Acredito em abordagens construtivistas, mas, especialmente no valor de se trabalhar verdadeiramente em equipe, com claro entendimento do que isto significa, buscando ter orgulho do que e como estamos trabalhando e construindo. Afinal, passamos mais tempo com nossos colegas de trabalho do que com nossas famílias … isso diz tudo!
O primeiro passo é conhecermos melhor aqueles com quem trabalhamos cotidianamente, quer sejam nossos colegas de equipe, empresa, clientes e fornecedores. Qual o maior ganho na realização de retrospectivas, reviews, debates e outras dinâmicas ágeis ? É para nos aproximarmos uns dos outros, deixando de ser apenas um número.
Cabe a cada um de nós o papel de conhecer e valorizar o que de melhor cada um possa contribuir, investir no potencial de crescimento de todos, equilibrando as diferenças que sempre existirão em um time, para assim torná-lo mais forte e vencedor. Não se obtem sinergia em meio a conflitos e desconfianças, apenas na colaboração e convergência.
O pior caminho é ficar criticando ou elogiando alguém em demasia, posto que não há ser humano que aguente de forma isenta a um bombardeio de responsabilização ou rasgação de seda.
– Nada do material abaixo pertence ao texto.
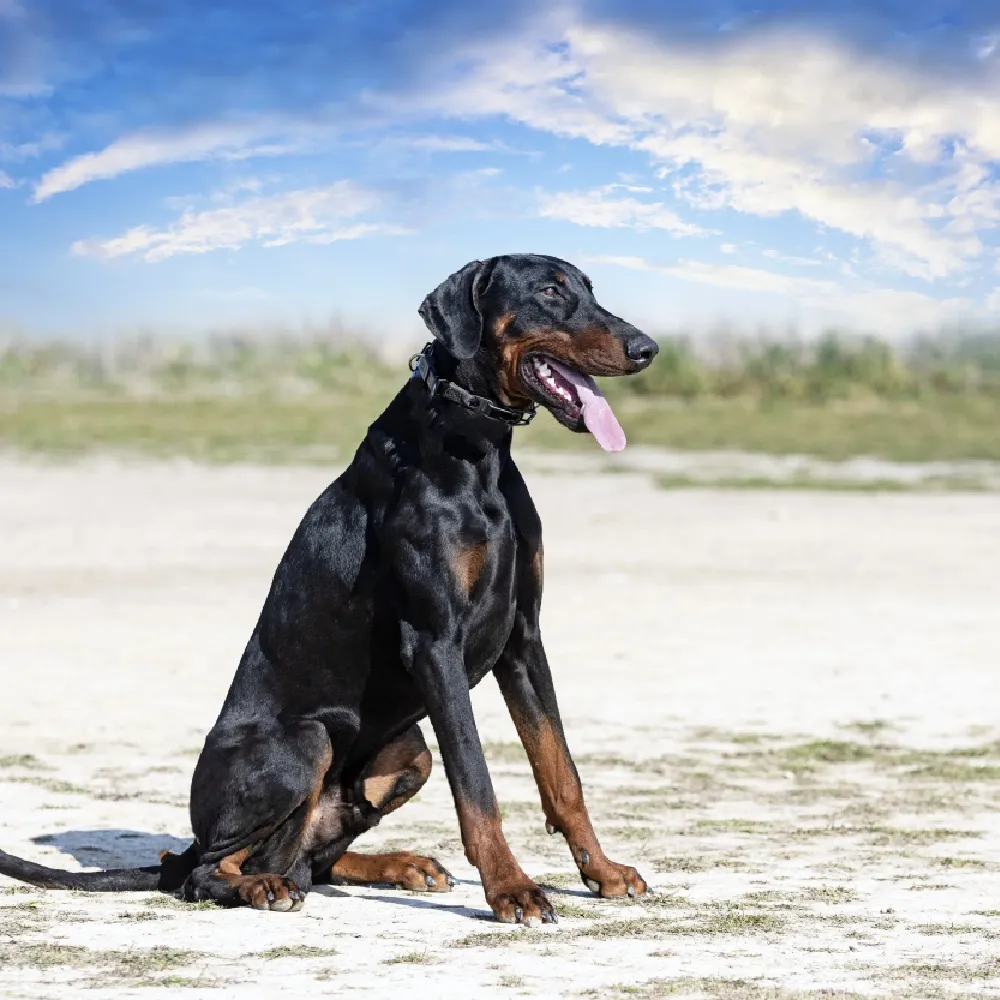 Doberman-02.webp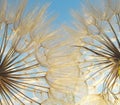 Two dandelions at sunset intertwined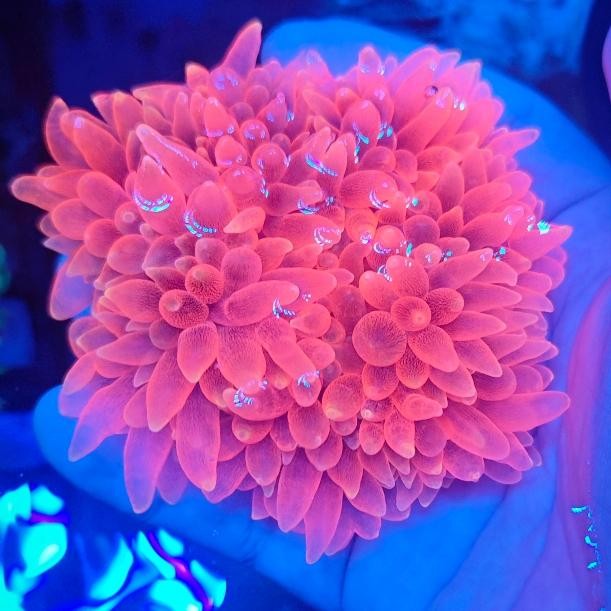 Terlaris anemon jagung merah red sweat bta aquarium laut L size hias cantik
Após inúmeros “Voce não tem jeito” ou “Voce é o melhor”, o tal cidadão corre o risco de começar a acreditar nesta bobagem e acabará metendo os pés pelas mãos.
A vida como ela é
Na verdade, o ambiente de trabalho refletirá os valores que cultivamos na nossa vida particular, mas esta é uma via de mão dupla, pois podemos melhorar em ambos se começarmos a resignificar nossos valores, de forma justa e racional, pensando em todos os envolvidos, em sí como parte e não como todo, evitando o embate inócuo e a injustiça, porque amanhã será outro dia.
Minha filha iniciou em um colégio confessional e conteudista tradicional, o mesmo que a 45 anos atras eu mesmo havia estudado, entretanto optamos por transferí-la para um bom colégio de cunho construtivista. Qual a diferença ? Não queremos que ela seja um número, quero que ela aprenda a pensar por sí, não para ser igual aos outros, afinal somos todos diferentes.
No escotismo, cada qual descobre o seu espaço, aprendendo a lidar com as diferenças e encontrar a sua melhor contribuição para o grupo. crianças e jovens aprendem a entender que as lideranças existem, brotam naturalmente, mas que deve ser exercida com respeito e colaboração, que todo objetivo deve ser discutido, entendido e planejado de forma a ser bom para todos.
Tudo isto, para concluir dizendo que não é fácil para ninguém, é trabalho duro, devemos contar uns com os outros, pelo exemplo, pela camaradagem, pois se o time vencer, todos vencem. Se o ambiente é saudável, se de fato somos ágeis, não precisamos nos preocupar em não sermos “vistos”, a cosntrução é de todos, mas a colaboração individual sempre acabará transparente.




O trabalho em equipe é fundamental para o sucesso do coletivo.